House Minority Leader Hakeem Jeffries (D-N.Y.) predicted Sunday that an extension of subsidies offered under the Affordable Care Act (ACA) will pass the House with backing from both sides of the aisle.
“House Democrats are going to continue to fight to get this extension through the Congress on our side. It will pass with a bipartisan majority,” Jeffries told host Jonathan Karl on ABC News’s “This Week.”
The ACA credits, which expire on Dec. 31, are set to be a subject of intense negotiations on Capitol Hill once both chambers return in the new year.
Earlier this week, four House Republicans joined 214 Democrats in signing a discharge petition bringing a three-year extension of the subsidies to the floor. While House Speaker Mike Johnson (R-La.) declined to bring the bill up for a vote before the lower chamber adjourned, the proposal will be one of the first orders of business come January.

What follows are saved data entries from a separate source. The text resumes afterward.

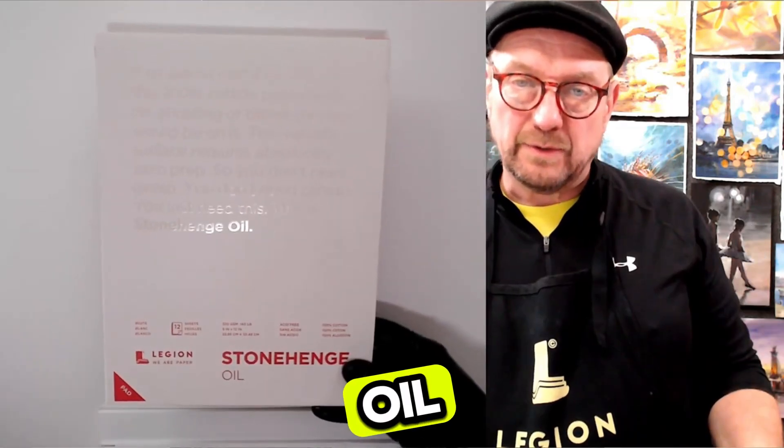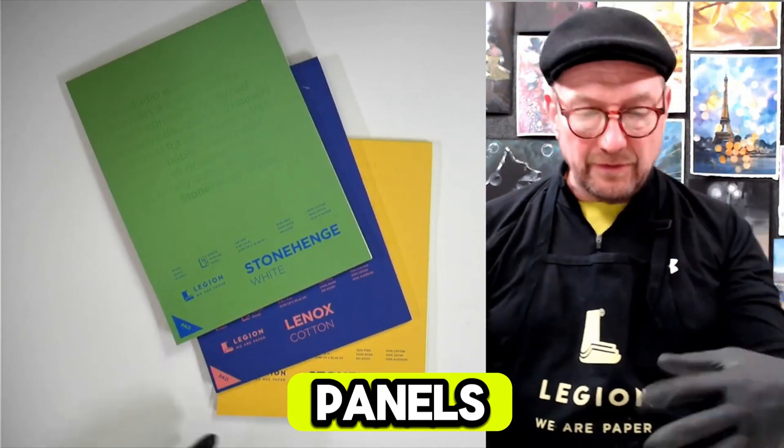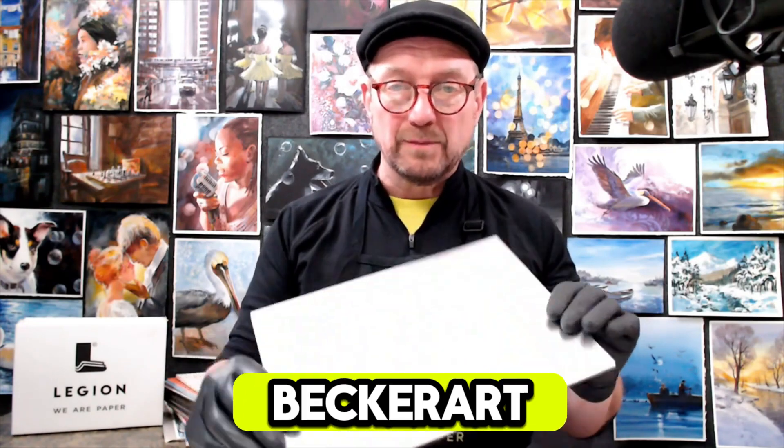We're going to see what Legion has in store with their new oil paper, and they're going to be putting a lot of the papers on aluminum panels. Check out my video at youtube.com/@BeckerArt — thanks a lot.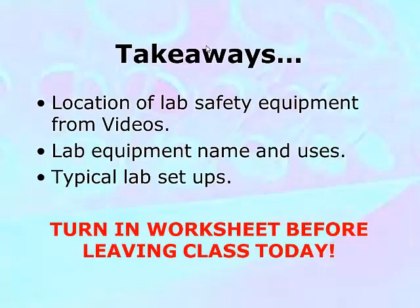A couple of takeaways for this lab: the location of lab safety equipment is from the videos you've already been assigned to watch. You should be very familiar now with the lab equipment that you've used — not only their names, but also how to use them properly. You've also gotten a handout so you know what they're all called and what they should look like.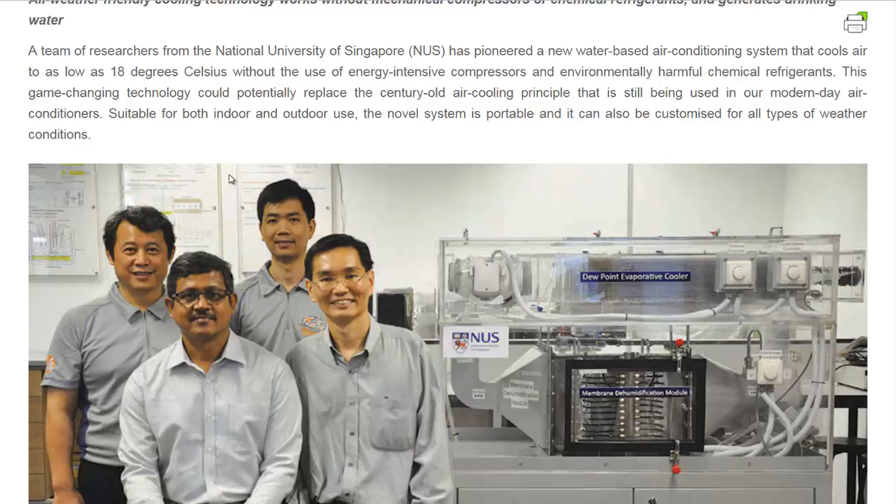It's combining two pretty old technologies. The evaporative cooler — the swamp cooler — it's been around forever. But the problem with those is they add way too much moisture to a room, and when it's already hot out, that humidity can make it seem all the more miserable.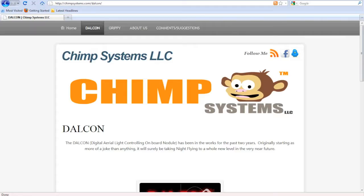In order to program your Dalcon, which is our computerized light unit that allows you to either fly in Pattern Mode or in Music Mode where all your channels can flash exactly how you want to the music, you need to go first to our website and download the free Light Link software at ChimpSystems.com/Dalcon.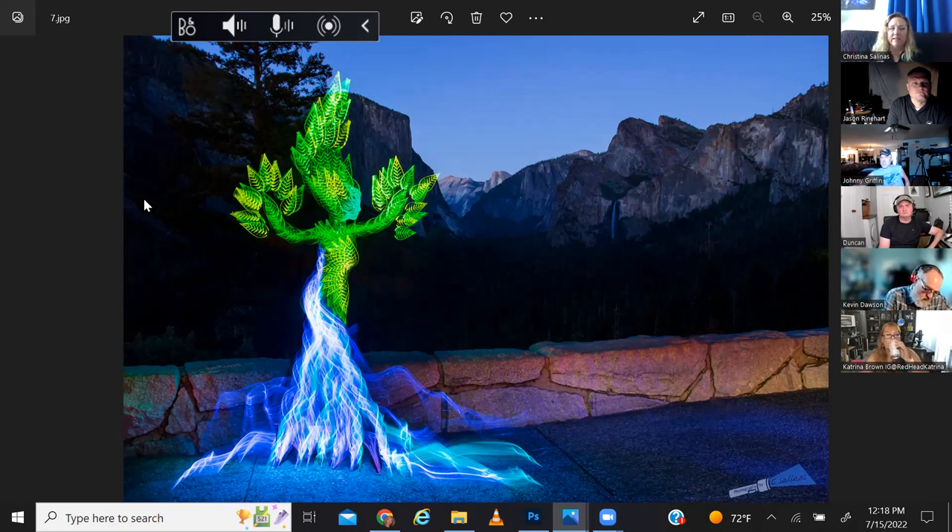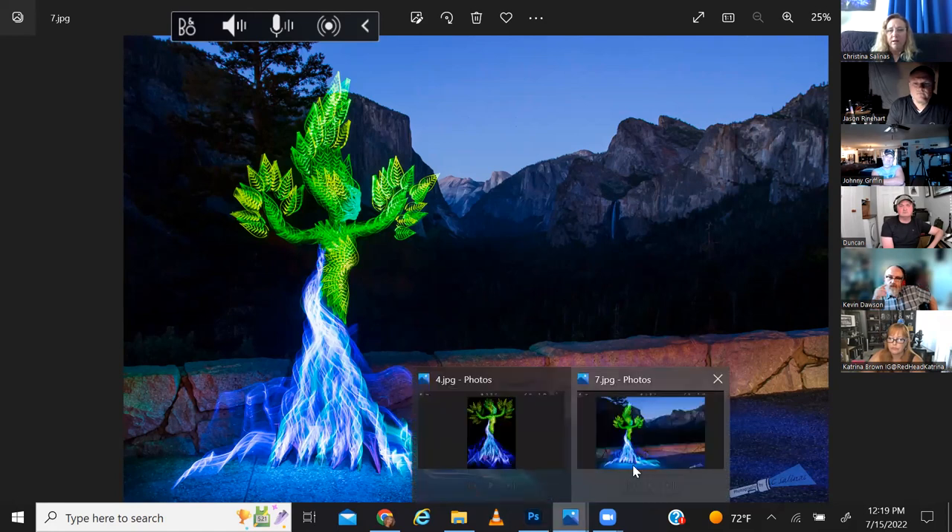By practicing at home and really understanding what I'm going to do, it helps to not have to think so much on location. If you go to a location for the first time and you're trying to practice and do the shot at the same time, I find it doesn't work as well. I like to be spontaneous sometimes, but for this kind of shot where I only have one or two days and a limited amount of time, I better know what I'm doing before I get there.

If it passes, that will put pressure on Senate Majority Leader John Thune (R-S.D.) and his caucus to reverse course and back an extension, Jeffries noted. A three-year extension of the ACA subsidies — backed by Senate Minority Leader Chuck Schumer (D-N.Y.) — failed in the upper chamber earlier this month because of opposition from the majority of the GOP.
If the credits are not extended, gross benchmark premiums will increase by an annual average of 7.9 percent from next year through 2034, according to the Congressional Budget Office (CBO). The CBO also projects that without a permanent extension of the subsidies, the number of uninsured individuals will increase by an average of 3.8 million annually from 2026 to 2034.